Data for review START

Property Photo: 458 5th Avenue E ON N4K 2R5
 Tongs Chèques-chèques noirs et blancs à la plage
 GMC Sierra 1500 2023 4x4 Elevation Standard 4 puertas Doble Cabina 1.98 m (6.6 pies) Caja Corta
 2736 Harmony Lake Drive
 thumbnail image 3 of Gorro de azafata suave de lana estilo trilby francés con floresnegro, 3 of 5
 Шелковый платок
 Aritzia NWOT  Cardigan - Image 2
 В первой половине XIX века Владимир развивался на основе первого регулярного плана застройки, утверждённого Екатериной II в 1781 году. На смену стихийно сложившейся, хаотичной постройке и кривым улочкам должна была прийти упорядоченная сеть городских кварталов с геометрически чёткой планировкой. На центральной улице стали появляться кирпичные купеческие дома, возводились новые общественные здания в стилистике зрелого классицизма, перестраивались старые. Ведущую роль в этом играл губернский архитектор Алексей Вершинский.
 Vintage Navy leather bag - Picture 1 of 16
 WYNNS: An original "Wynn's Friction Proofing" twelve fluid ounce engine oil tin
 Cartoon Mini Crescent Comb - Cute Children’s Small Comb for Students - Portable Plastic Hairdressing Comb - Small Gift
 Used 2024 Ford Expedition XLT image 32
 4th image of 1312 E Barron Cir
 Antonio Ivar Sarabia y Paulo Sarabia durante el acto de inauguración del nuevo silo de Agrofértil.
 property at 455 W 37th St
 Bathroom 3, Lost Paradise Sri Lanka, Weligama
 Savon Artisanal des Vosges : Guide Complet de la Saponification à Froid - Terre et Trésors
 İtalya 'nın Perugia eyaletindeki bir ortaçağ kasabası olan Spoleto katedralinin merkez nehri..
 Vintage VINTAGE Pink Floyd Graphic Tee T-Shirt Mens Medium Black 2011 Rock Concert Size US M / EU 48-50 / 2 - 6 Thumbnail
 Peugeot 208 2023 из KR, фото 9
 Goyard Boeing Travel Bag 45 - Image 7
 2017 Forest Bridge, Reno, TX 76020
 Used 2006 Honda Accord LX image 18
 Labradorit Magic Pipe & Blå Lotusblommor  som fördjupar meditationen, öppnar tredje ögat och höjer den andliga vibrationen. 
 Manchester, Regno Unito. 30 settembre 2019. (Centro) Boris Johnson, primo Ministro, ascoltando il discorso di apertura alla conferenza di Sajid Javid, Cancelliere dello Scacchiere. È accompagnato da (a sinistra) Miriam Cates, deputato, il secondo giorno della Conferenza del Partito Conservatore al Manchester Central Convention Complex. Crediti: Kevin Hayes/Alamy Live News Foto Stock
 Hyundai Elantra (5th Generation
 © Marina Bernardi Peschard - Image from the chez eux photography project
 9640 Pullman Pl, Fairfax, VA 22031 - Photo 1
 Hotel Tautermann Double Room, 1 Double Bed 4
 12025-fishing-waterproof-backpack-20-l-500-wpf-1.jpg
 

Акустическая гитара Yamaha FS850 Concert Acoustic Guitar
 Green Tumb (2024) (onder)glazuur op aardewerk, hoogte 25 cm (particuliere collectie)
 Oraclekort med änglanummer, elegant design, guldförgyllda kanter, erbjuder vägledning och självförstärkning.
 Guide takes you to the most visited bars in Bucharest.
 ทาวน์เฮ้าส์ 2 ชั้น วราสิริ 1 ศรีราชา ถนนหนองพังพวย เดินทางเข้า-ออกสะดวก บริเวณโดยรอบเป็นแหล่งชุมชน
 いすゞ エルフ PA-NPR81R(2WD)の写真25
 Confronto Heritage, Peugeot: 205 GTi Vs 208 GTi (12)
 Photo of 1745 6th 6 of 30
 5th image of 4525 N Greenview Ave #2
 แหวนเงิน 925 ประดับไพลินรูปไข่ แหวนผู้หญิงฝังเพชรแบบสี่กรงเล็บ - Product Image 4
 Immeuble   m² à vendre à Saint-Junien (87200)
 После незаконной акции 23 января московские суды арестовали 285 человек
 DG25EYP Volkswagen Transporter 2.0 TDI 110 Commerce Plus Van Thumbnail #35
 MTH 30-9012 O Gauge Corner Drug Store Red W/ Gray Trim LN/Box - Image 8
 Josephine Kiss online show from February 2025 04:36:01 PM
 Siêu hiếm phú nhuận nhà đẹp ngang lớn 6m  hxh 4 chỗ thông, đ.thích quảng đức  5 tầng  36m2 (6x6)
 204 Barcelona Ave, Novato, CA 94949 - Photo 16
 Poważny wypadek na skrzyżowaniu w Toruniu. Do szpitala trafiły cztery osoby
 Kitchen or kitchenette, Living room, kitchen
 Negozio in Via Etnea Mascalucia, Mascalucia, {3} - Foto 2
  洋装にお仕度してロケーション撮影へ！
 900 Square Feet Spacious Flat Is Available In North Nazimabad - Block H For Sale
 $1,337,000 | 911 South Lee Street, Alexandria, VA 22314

Data for review END

### Instructions for the task
Go over the entries above and tally the lines holding "Guide"; please answer with the number alone.

### Task result
2